[Data to examine]
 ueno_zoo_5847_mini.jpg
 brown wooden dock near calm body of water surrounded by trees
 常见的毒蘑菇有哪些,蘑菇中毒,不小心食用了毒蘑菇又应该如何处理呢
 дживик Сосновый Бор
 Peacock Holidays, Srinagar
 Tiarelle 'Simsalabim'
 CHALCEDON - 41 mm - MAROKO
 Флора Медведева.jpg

==

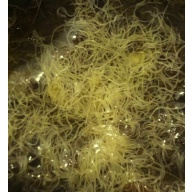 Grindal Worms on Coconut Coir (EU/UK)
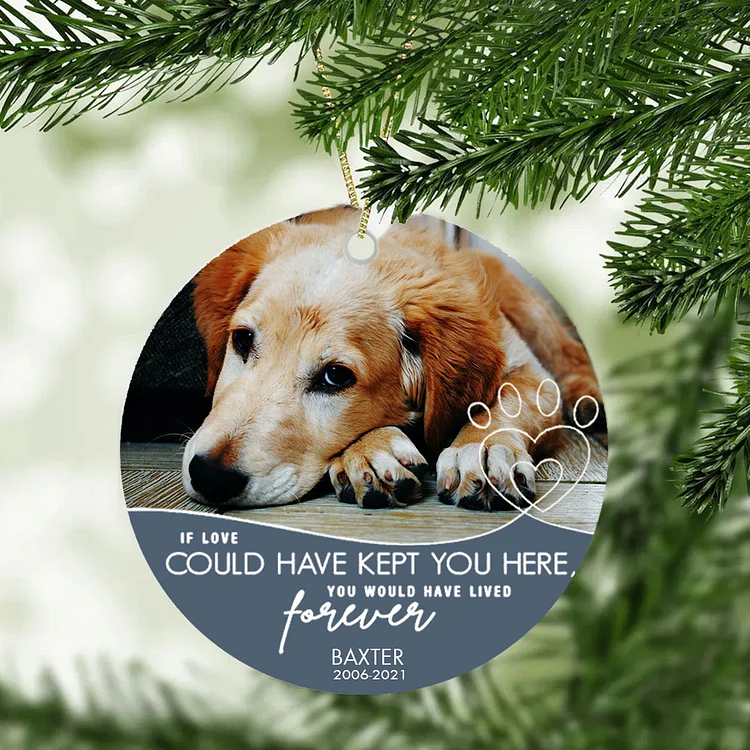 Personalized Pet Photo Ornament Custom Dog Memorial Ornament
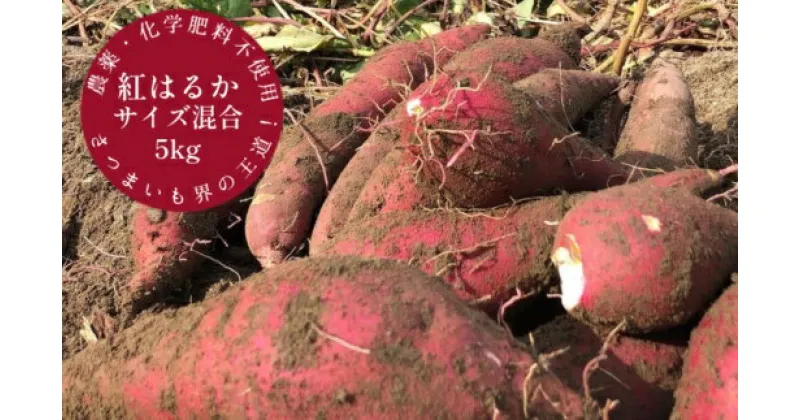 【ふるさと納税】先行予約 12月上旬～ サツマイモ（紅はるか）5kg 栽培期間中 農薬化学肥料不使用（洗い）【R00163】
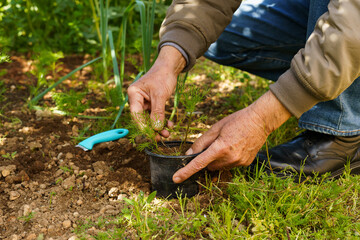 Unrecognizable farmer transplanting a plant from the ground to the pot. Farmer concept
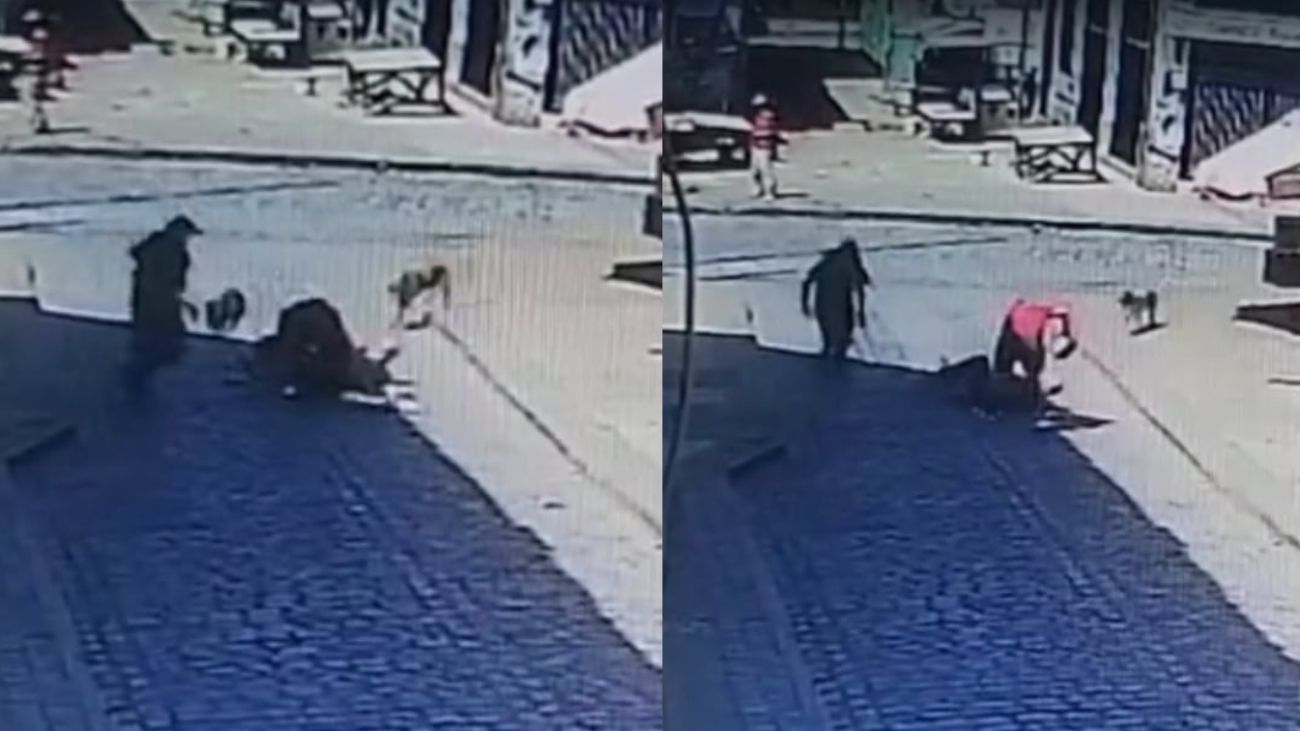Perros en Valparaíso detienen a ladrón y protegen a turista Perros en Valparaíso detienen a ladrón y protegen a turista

[What the exercise asks]
Of the entries above, repeat exactly the lines from the line with "ueno_zoo_5847_mini.jpg" through the line with "Флора Медведева.jpg", both of them included.

[Written solution]
 ueno_zoo_5847_mini.jpg
 brown wooden dock near calm body of water surrounded by trees
 常见的毒蘑菇有哪些,蘑菇中毒,不小心食用了毒蘑菇又应该如何处理呢
 дживик Сосновый Бор
 Peacock Holidays, Srinagar
 Tiarelle 'Simsalabim'
 CHALCEDON - 41 mm - MAROKO
 Флора Медведева.jpg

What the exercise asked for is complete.